Composer of the Week: Ludwig van Beethoven
Ludwig van Beethoven (pronounced “Lood-vig fawn bay-toe-ven”) was born in Bonn, Germany in 1770. Beethoven’s father was a professional singer and music instructor, though he never made more than a passable living. His mother was Chef for a wealthy family. His parents had seven children, though only Ludwig and two others survived. Beethoven’s father was his first music teacher, though he also took lessons from other local composers and teachers.
Beethoven wished to study with Wolfgang Mozart, though it’s not clear the two ever actually met. He did meet Franz Joseph Haydn in London, eventually studying under him in Vienna, Austria. It was in Vienna that Beethoven started to reach his potential as a composer. By 1800, he was publishing his first symphonies. It was also around this time that Beethoven started to lose his hearing. By 1814, he was almost completely deaf. Despite this, he wrote 9 symphonies, countless string quartets and piano sonatas, an opera, and more. In fact, he is the most important composer of the time period (the transition between the Classical and Romantic music periods).

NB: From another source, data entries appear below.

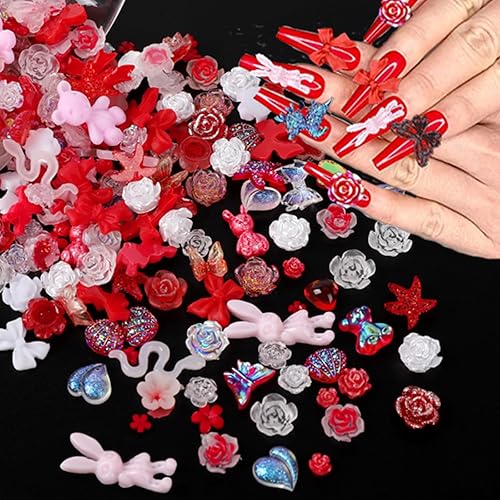 Miniatura 7 de 110 dijes para uñas 3D, dijes de resina con diseño de oso de mariposa, lazo de flor de rosa, conejo, perlas de diamantes de imitación para arte de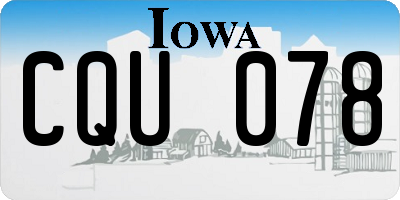 IA license plate CQU078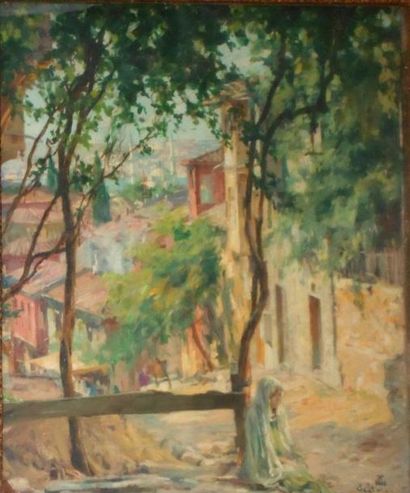 GASTÉ Constantin Georges (Paris 1869 - 1910 Madura, Inde) Ruelle dans une ville orientale...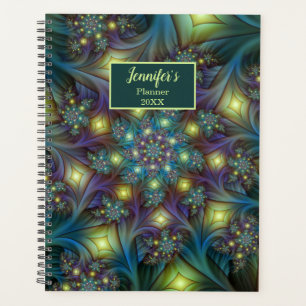 Illuminated modern blue purple Fractal Art Name Planner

Beethoven was depressed not just by his hearing, but by his physical and emotional health. He had fallen in love with a woman named Josephine Brunsvik. Even though she felt the same way, she was of a higher class than Beethoven, and the two did not marry. Beethoven also had become sick several times in the early 1800’s. Overall, these problems made him an unhappy man, especially during the last ten years of his life. The cause of Beethoven’s death in 1827 is not clear, though there has been evidence found indicating he may have been an alcoholic, or may have had some sort of infection. Over 20,000 people attended his funeral in Vienna.